Según cifras de la oficina de las Naciones Unidas contra la droga y el delito a 2020 había, alrededor de, 284 millones de personas adictas a alguna sustancia ilegal o regulada. Un problema que crece con gran fuerza en países latinoamericanos y africanos que tienen unos índices de desarrollo mucho menores a los que se presentan en Estados Unidos o Europa. Además, se estima que cerca del 65% de las personas que entran a centros de rehabilitación en Colombia, viven o han vivido en la calle o vienen de contextos marginados. Sin embargo, últimamente desde un cierto sector de la sociedad se ha venido hablando de que lo que se debe hacer es una regulación total de las drogas.


Pues, es fácil hablar de esto cuando te las financias gracias a la plata de alguien de la familia, o de un trabajo bien pagado pues estás en una alta esfera de la sociedad. Es fácil decir que lo que se tienen que hacer es regularse, cuando puedes acudir a campañas psicológicas o con tu terapeuta. Es más sencillo cuando un gramo, dos, tres, o cinco de cocaína, 'tusi' o cualquier otra droga sintética te queda al alcance de sacar de la billetera algún par de billetes y comprarlo en una fiesta para compartirlo con tus amigos.


Pero el colombiano debe entender que el problema de las drogas ocurre en los barrios más populares, ocurre cuando comprando esos gramos de cocaína o cualquier otra sustancia, se está financiando un aparato completo de violencia, masacres, violaciones y una gran cantidad de personas en la clandestinidad. Se debe entender el problema de las regiones, lugares enclavados como zonas rojas en donde lo único posible para cultivar es la mata de coca puesto que las organizaciones ilegales deben "cumplir" una cantidad absurda de demanda, engrosando sus bolsillos y poniendo como carne de cañón a un montón de personas necesitadas, que utilizan como "mulas".

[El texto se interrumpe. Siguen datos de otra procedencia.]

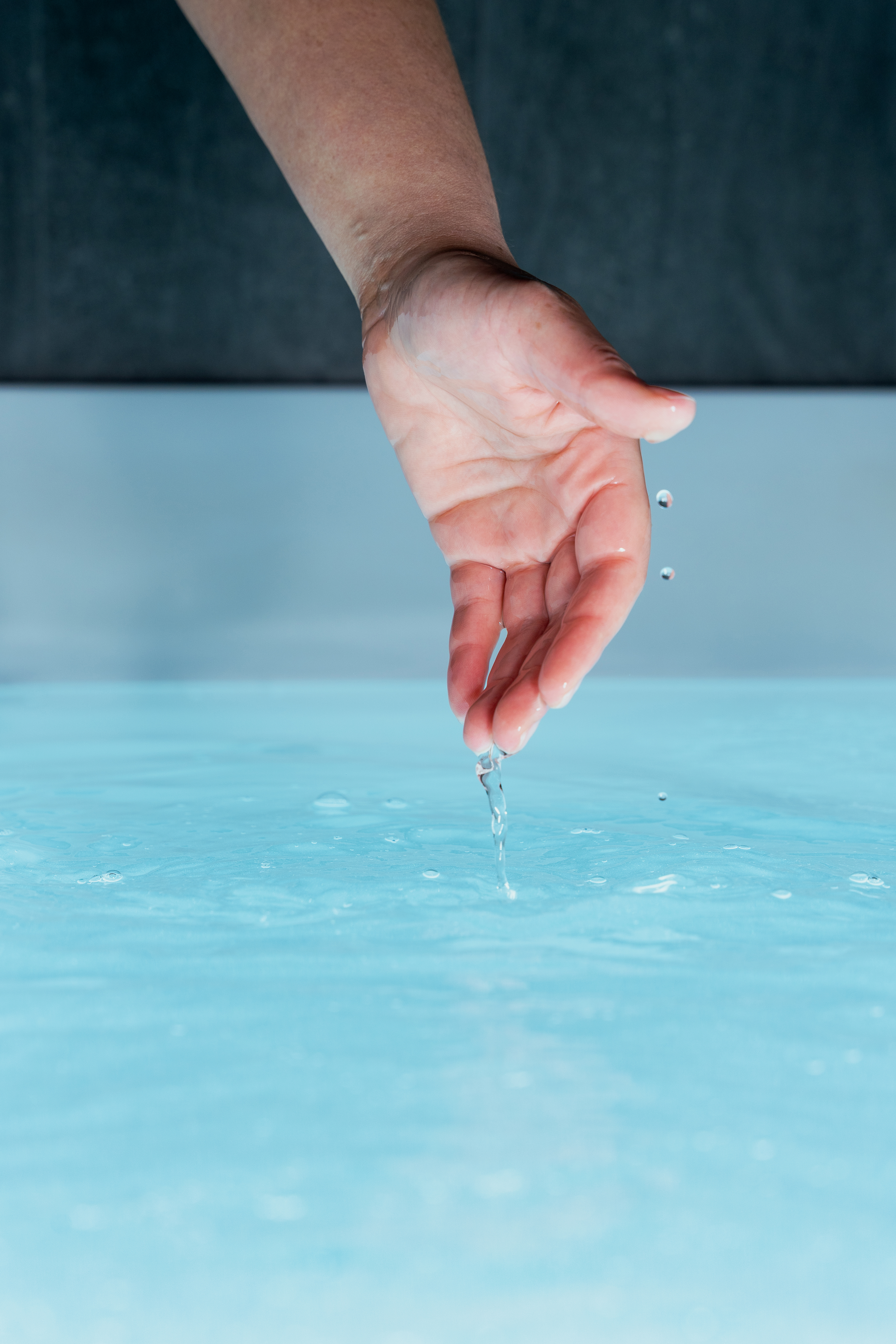 Revibe cold plunge therapy with hand entering icy water for recovery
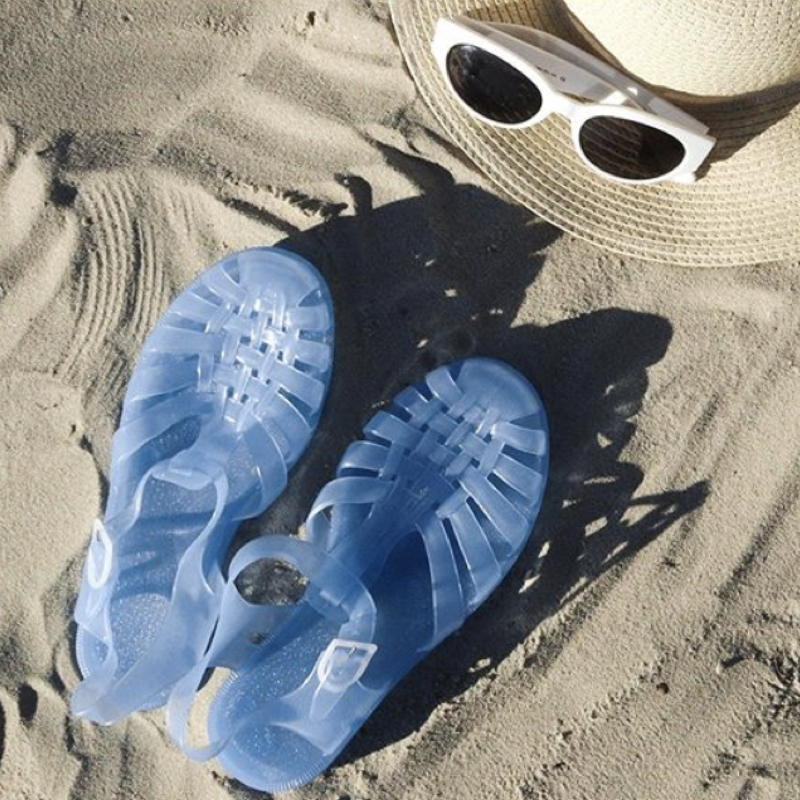 Blue jelly sandals next to sunglasses and straw hat on the sand.
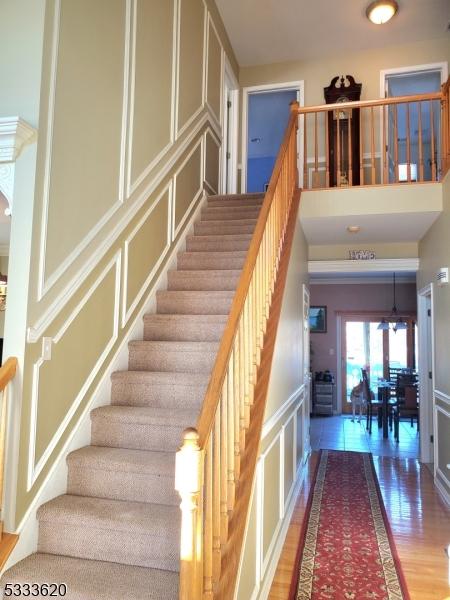 stairs featuring hardwood / wood-style floors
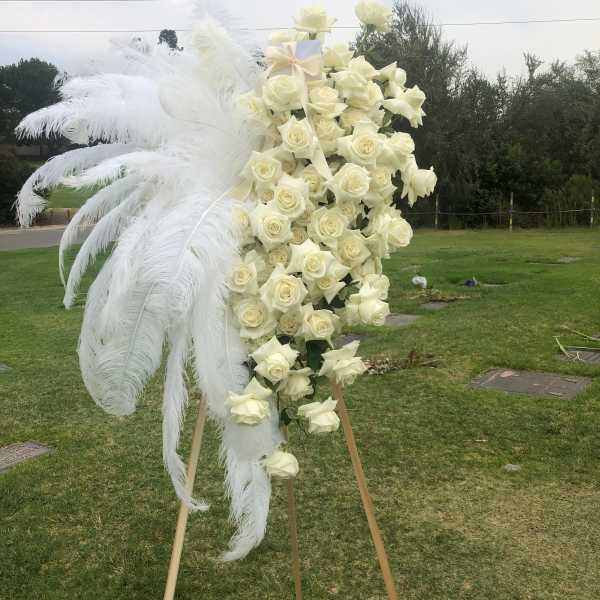 Tall white rose standing spray with large white feathers on an easel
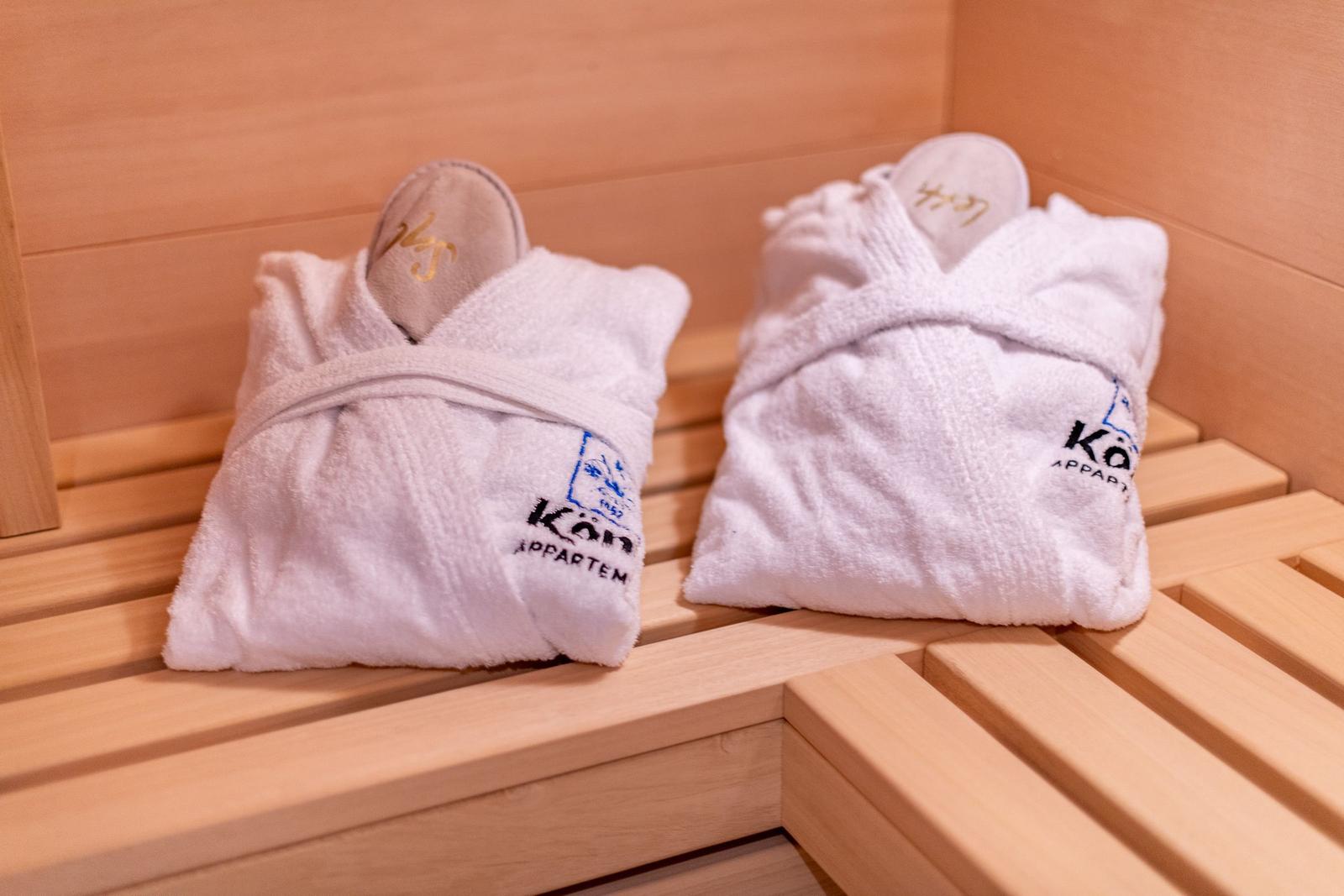 Zwei weiße Bademäntel mit Logo liegen auf Holzbank in Sauna.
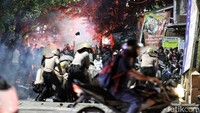 Aparat keamanan kemudian memukul mundur massa yang masih ngeyel. Massa juga nampak melakukan perlawanan dengan melempari batu dan botol kaca serta menembakkan petasan. (Foto: Rifki Afifan Pridiasto)
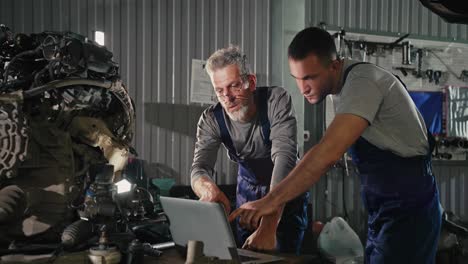 automotive technicians working on a car engine with laptop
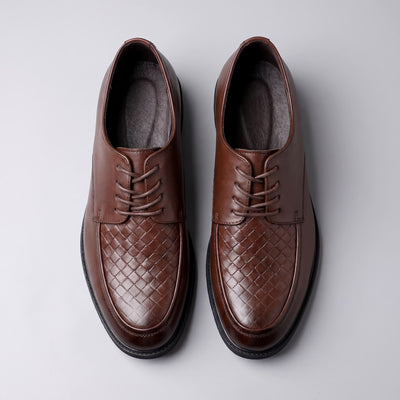 FORCIANO AUTHORITY Height Increasing Shoes in Brown premium leather, shown as a pair from the top with laces and woven front panels visible.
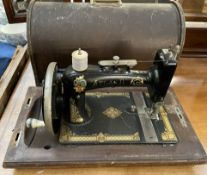 An Atlas D sewing machine in a case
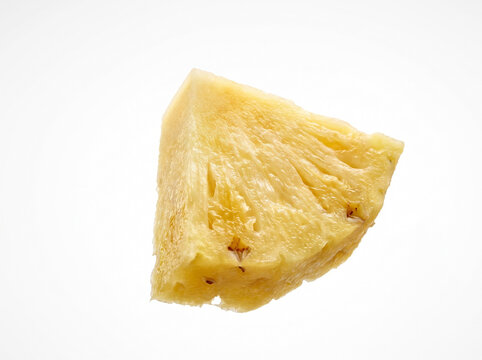 Fresh sweet juicy pineapple wedge isolated on white background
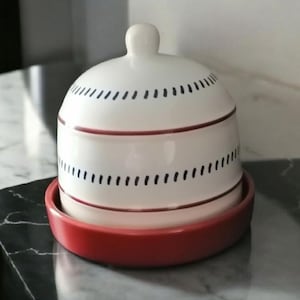 May include: A white ceramic butter dish with a red base and lid. The lid has a small knob and is decorated with black dashes and a red band. The dish sits on a red plate, creating a contrasting colour scheme.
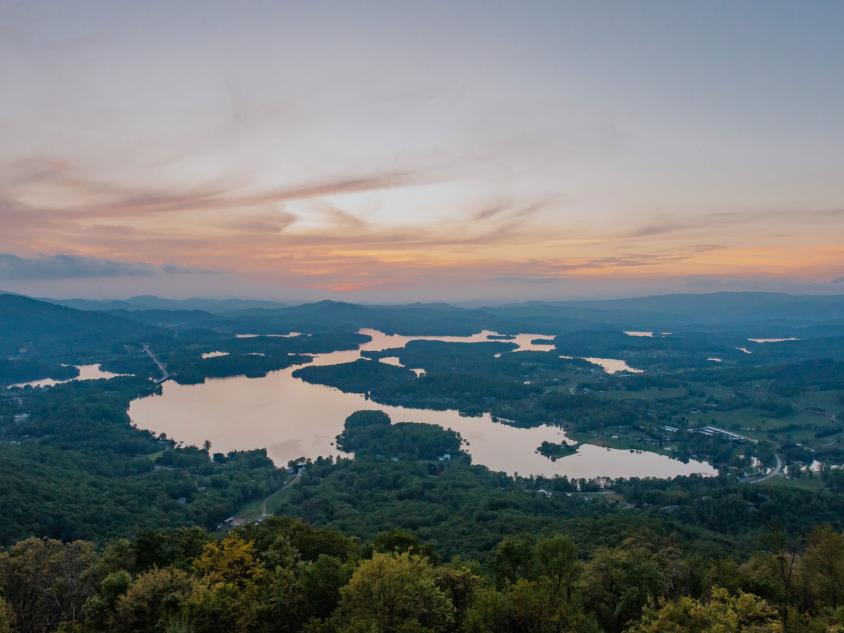 Aerial view of a large lake surrounded by trees with a sunset in the background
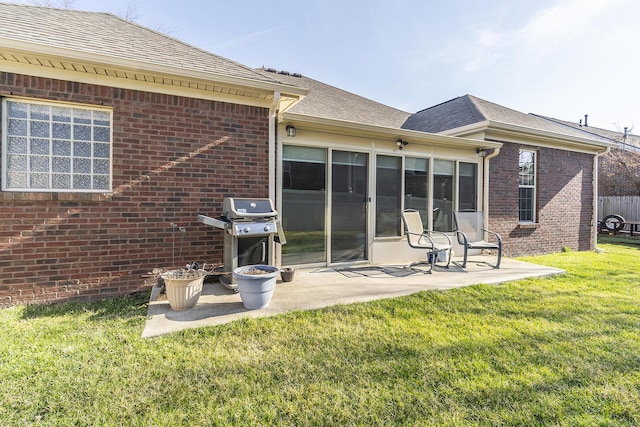 rear view of house with brick siding, roof with shingles, a lawn, and a patio area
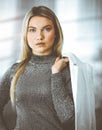 Young blonde business woman or female student standing straight and posing at camera in sunny office Royalty Free Stock Photo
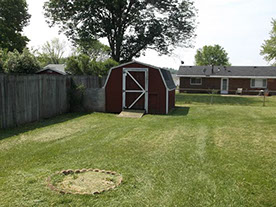 Cape Cod style, driveway, garage in rear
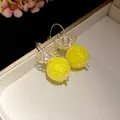Macro view showing the yellow textured bead and transparent flower cap of these earrings. - Hook Style / Yellow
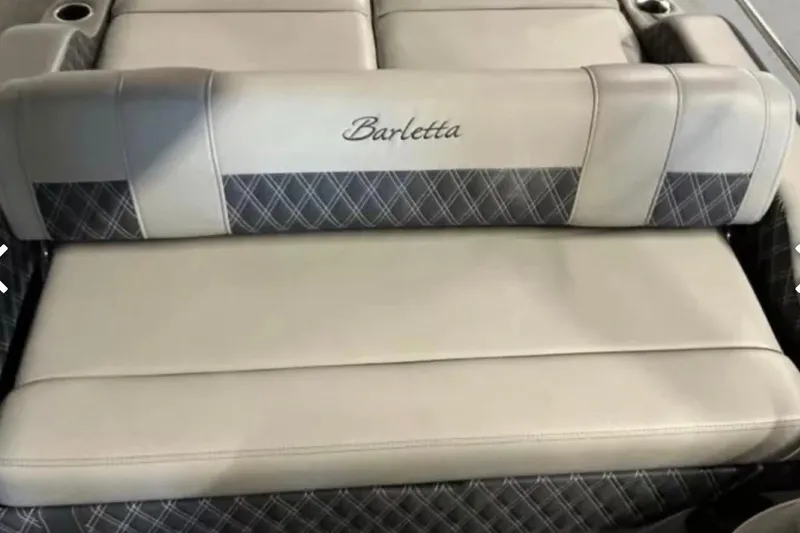 Slide: The Image of Barletta L23UC 2021 boat seat with elegant beige and gray upholstery design. - 21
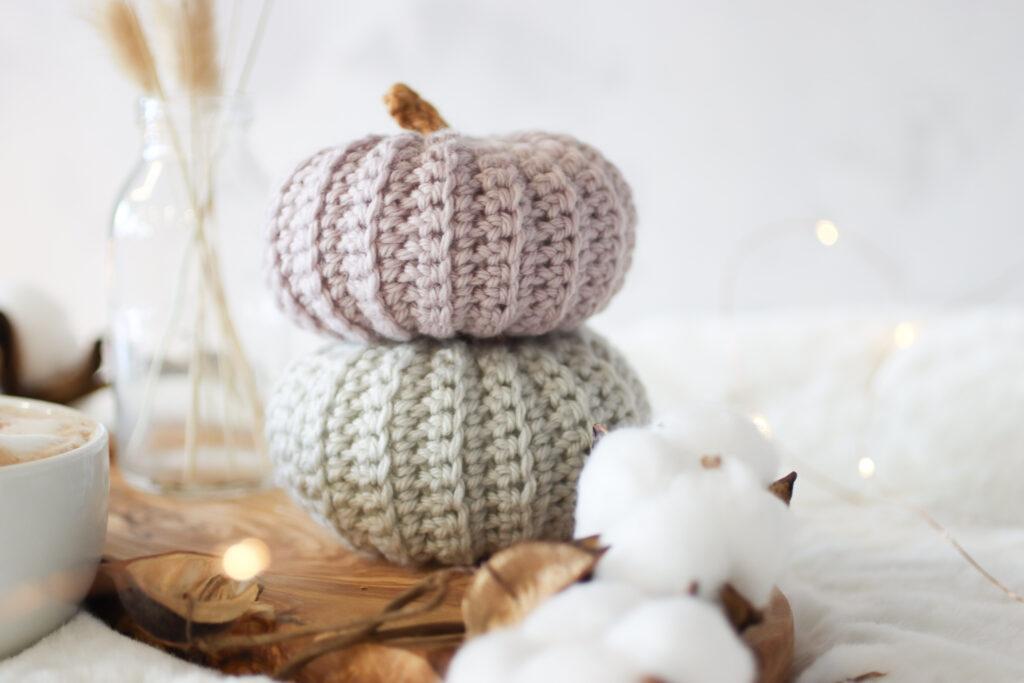 two crochet pumpkins stacked one grey and the other in mushroom. The crochet pumpkins are surrounded by small fairy lights with a cup of coffee and bunny tail dried flowers in a small glass vase. the background is white and the set up is placed on a white faux fur rug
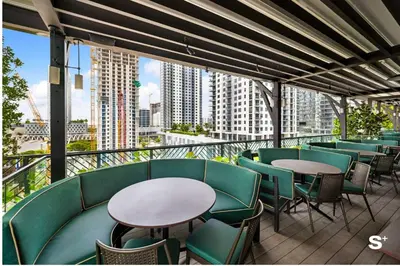 a balcony with tables and chairs and a view of a city at Studio in DTW Miami - City Views & Gym in Miami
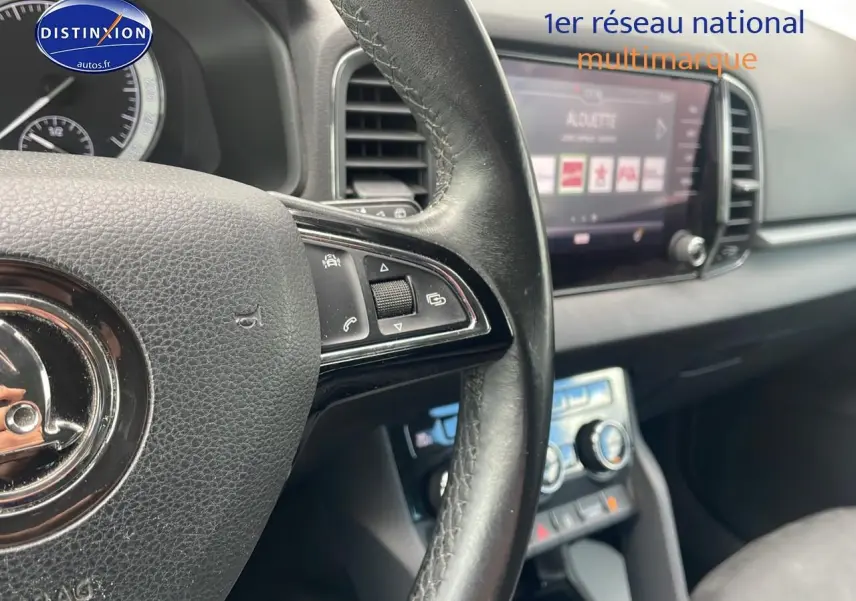 Gros plan sur le volant cuir multifonction et l'écran tactile du tableau de bord intérieur d'une Skoda Karoq noire 2018.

Es fácil hablar de "soluciones" cuando no se ha ido a un centro de rehabilitación o cárceles a hablar con las madres de personas afectadas que cuentan cómo sus hijos han robado, buscaron matar a alguien, o cometieron un sin fin de delitos.

Fácil hablar de drogas viviendo en Bogotá o Medellín, en un barrio estrato 6 y consumiendo marihuana de forma regular. Incluso hasta de buena calidad. Ahora, ¿qué tal si cambiamos el panorama a comprarle a un jíbaro a la medianoche en un barrio del sur de Bogotá o del norte de Cali?


Son las comunidades pobres las que más sufren el problema de las drogas, pero de forma irónica son las menos escuchadas porque final en Colombia, al parecer, hay que sentirnos orgullosos de engrandecer a las mafias.